(Beginning of Given entries)
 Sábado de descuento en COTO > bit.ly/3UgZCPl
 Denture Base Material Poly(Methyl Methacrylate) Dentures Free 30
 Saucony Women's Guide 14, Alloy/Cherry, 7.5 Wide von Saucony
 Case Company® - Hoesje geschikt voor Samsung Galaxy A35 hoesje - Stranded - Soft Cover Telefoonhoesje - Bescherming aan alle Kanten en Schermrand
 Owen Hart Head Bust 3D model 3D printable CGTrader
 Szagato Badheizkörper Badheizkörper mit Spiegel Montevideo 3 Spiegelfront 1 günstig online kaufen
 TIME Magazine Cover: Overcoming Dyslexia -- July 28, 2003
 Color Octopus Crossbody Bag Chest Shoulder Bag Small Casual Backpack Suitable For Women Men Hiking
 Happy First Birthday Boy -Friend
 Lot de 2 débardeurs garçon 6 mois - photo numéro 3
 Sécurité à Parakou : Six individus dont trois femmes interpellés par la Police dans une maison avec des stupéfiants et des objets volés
(End of Given entries)
* [About this task]: Retype the listing above in full, exactly as it stands.

* [Exercise output]:
 Sábado de descuento en COTO > bit.ly/3UgZCPl
 Denture Base Material Poly(Methyl Methacrylate) Dentures Free 30
 Saucony Women's Guide 14, Alloy/Cherry, 7.5 Wide von Saucony
 Case Company® - Hoesje geschikt voor Samsung Galaxy A35 hoesje - Stranded - Soft Cover Telefoonhoesje - Bescherming aan alle Kanten en Schermrand
 Owen Hart Head Bust 3D model 3D printable CGTrader
 Szagato Badheizkörper Badheizkörper mit Spiegel Montevideo 3 Spiegelfront 1 günstig online kaufen
 TIME Magazine Cover: Overcoming Dyslexia -- July 28, 2003
 Color Octopus Crossbody Bag Chest Shoulder Bag Small Casual Backpack Suitable For Women Men Hiking
 Happy First Birthday Boy -Friend
 Lot de 2 débardeurs garçon 6 mois - photo numéro 3
 Sécurité à Parakou : Six individus dont trois femmes interpellés par la Police dans une maison avec des stupéfiants et des objets volés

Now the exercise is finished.